- Directions for this task
Quote every line of the data below as it stands, omitting pictures.

--- Given information ---

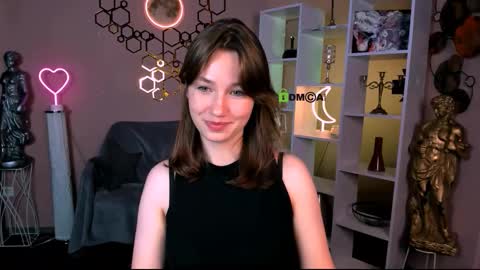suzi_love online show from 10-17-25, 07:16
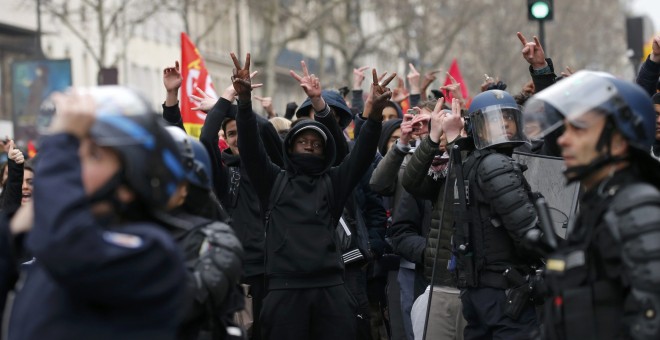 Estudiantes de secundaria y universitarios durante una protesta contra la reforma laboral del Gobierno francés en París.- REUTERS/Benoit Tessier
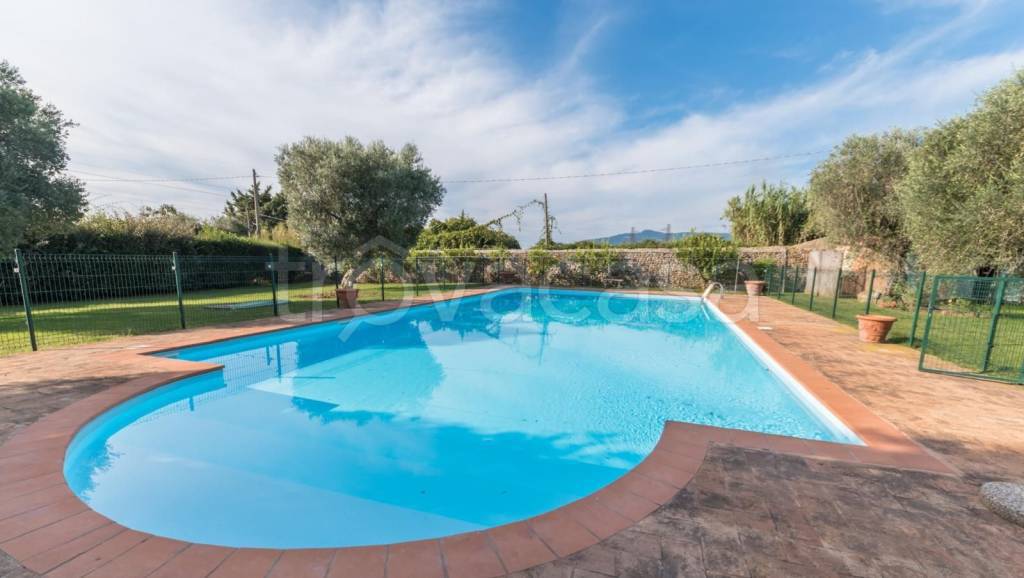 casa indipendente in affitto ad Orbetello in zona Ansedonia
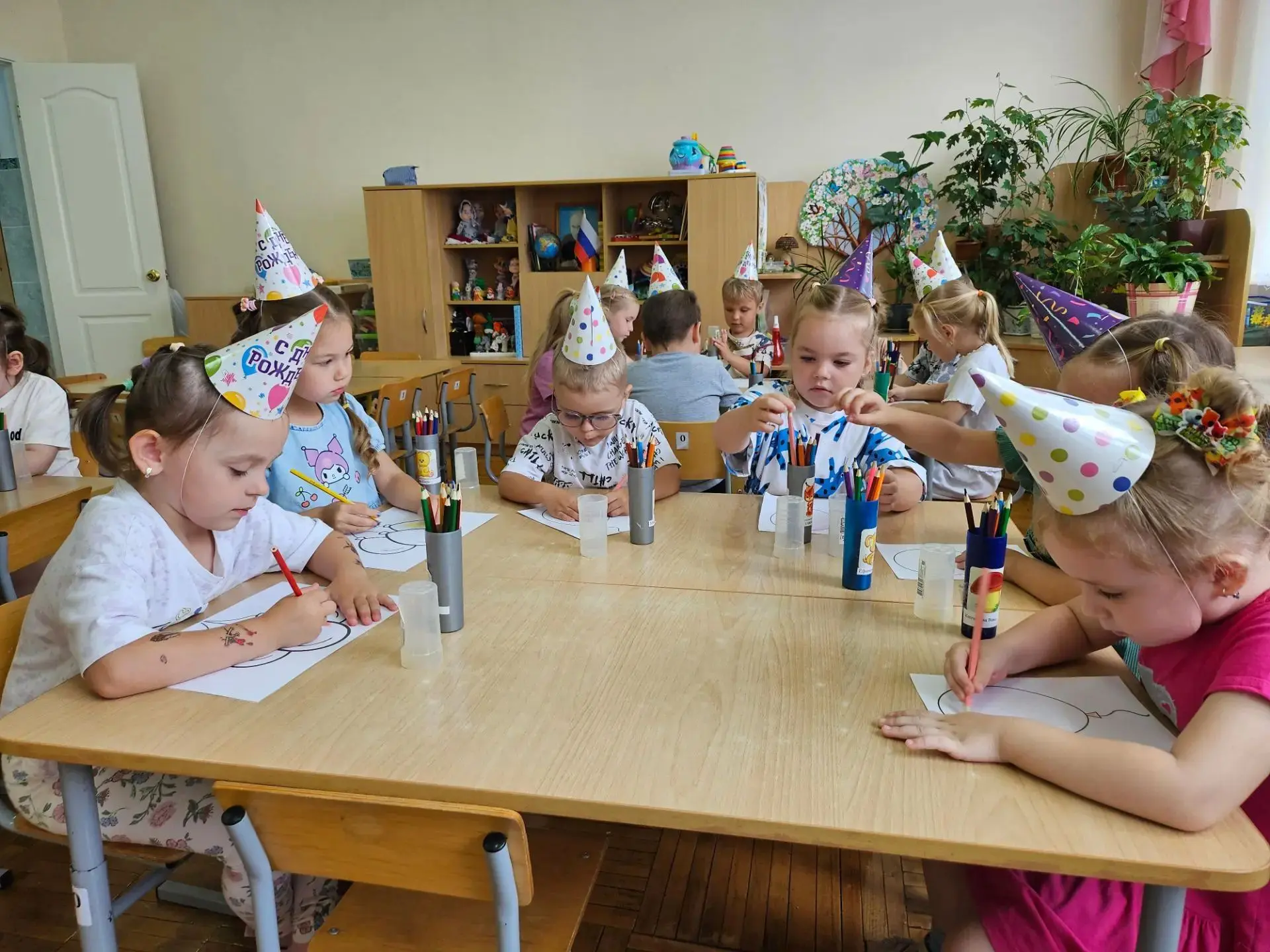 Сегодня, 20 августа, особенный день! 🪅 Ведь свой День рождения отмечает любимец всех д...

---

- Task answer
suzi_love online show from 10-17-25, 07:16
 Estudiantes de secundaria y universitarios durante una protesta contra la reforma laboral del Gobierno francés en París.- REUTERS/Benoit Tessier
 casa indipendente in affitto ad Orbetello in zona Ansedonia
 Сегодня, 20 августа, особенный день! 🪅 Ведь свой День рождения отмечает любимец всех д...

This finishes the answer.